**YOUR GOAL**
Copy nothing but the lines below running from the line containing "Gri balıkçıl, Ardea" through the line containing "Alginet toiture", both end lines included.

**TASK MATERIAL**
⟨
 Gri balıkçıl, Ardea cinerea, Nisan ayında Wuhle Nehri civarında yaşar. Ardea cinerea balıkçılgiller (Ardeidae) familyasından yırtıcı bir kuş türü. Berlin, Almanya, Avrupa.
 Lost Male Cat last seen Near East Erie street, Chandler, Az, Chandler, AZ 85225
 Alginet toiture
⟩
⟨
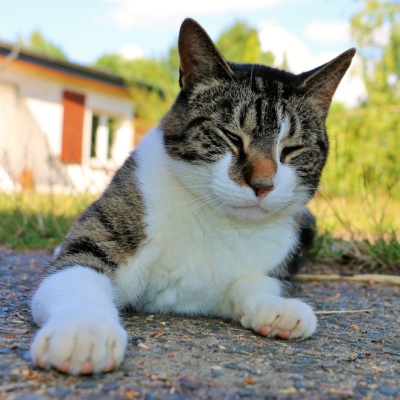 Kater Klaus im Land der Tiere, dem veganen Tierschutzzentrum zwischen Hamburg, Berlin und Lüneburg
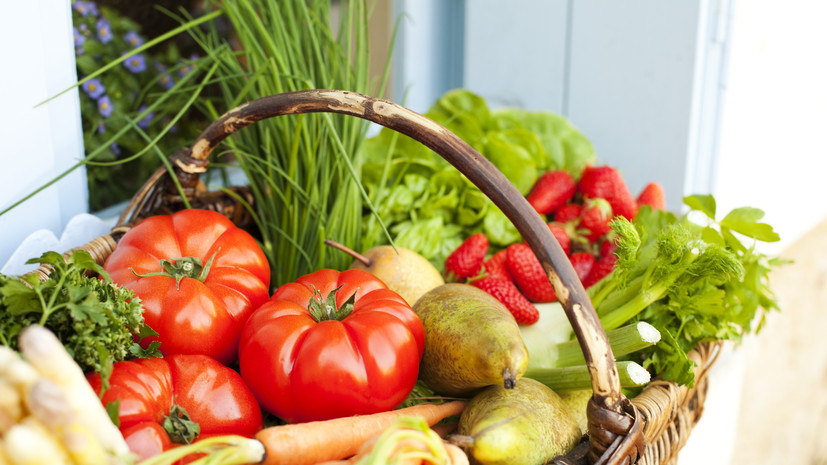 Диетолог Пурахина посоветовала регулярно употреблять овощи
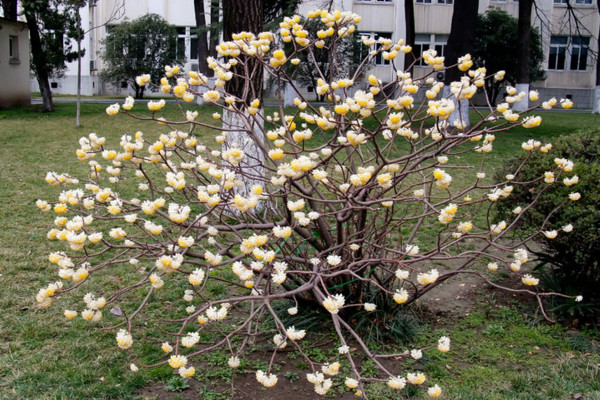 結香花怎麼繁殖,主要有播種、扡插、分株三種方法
⟩
⟨
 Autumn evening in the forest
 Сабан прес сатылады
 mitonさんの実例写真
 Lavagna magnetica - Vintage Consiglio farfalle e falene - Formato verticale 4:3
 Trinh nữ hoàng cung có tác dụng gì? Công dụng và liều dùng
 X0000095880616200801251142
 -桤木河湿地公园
⟩
**ANSWER BOX**
 Gri balıkçıl, Ardea cinerea, Nisan ayında Wuhle Nehri civarında yaşar. Ardea cinerea balıkçılgiller (Ardeidae) familyasından yırtıcı bir kuş türü. Berlin, Almanya, Avrupa.
 Lost Male Cat last seen Near East Erie street, Chandler, Az, Chandler, AZ 85225
 Alginet toiture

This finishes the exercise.